'Never thought this day would come' - Former Hull postmistress on having conviction overturned

A former postmistress from Hull has said that she "never thought this day would come" after having her conviction for false accounting overturned.

Janet Skinner was wrongly jailed for nine months in 2007 after the faulty Horizon IT system made it appear that accounts were haemorrhaging thousands of pounds.

Janet was one of 39 postmasters who had their convictions overturned in the High Court today.

She said that as soon as she heard her name read out in court today she just started crying tears of "joy and relief".

Money started going missing from Janet's former Post Office in Bransholme in Hull in 2006.

By the time she was prosecuted the following year - there was a £59,000 black hole in her accounts. 

"It's just that initial shock of being sent to jail for something you know you haven't done," she said.

She was so heartbroken at the false conviction - she refused to allow her two children to visit her in prison.

She added: "I didn't want them with that memory of me being in jail. It was hard, so it was bad enough me going to jail without making them have that memory, you know I didn't want them to have that lasting memory of seeing me in there so I refused to see them."

Last year, the Post Office confirmed it would not oppose most of the appeals and apologised for "historical failings". 

Announcing the court’s ruling, Lord Justice Holroyde said the Post Office "knew there were serious issues about the reliability of Horizon" and had a "clear duty to investigate" the system’s defects.

But the Post Office “consistently asserted that Horizon was robust and reliable”, and “effectively steamrolled over any sub-postmaster who sought to challenge its accuracy”, the judge added.

The Post Office has previously said it will not seek retrials of any of the appellants if their convictions are overturned.
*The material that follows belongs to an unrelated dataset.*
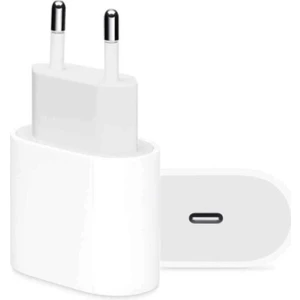 Apple iPhone Uyumlu iPad Şarj Adaptörü 20W Başlık Usb-C 11 - 12 - Pro - Max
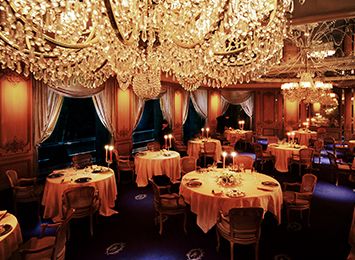 Book a Table（Dinner）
In a statement after the ruling, Post Office chairman Tim Parker said: “The Post Office is extremely sorry for the impact on the lives of these postmasters and their families that was caused by historical failures.

“Post Office stopped prosecutions soon after its separation from Royal Mail a decade ago and has throughout this appeals process supported the overturning of the vast majority of convictions."The Communication Workers Union has called for a criminal investigation into Senior Post Office figures over the scandal.

CWU National Officer for Postmasters Andy Furey said: "At long last, 39 innocent people have been exonerated for crimes they did not commit.

"This has been one of the biggest miscarriages of justice in British history."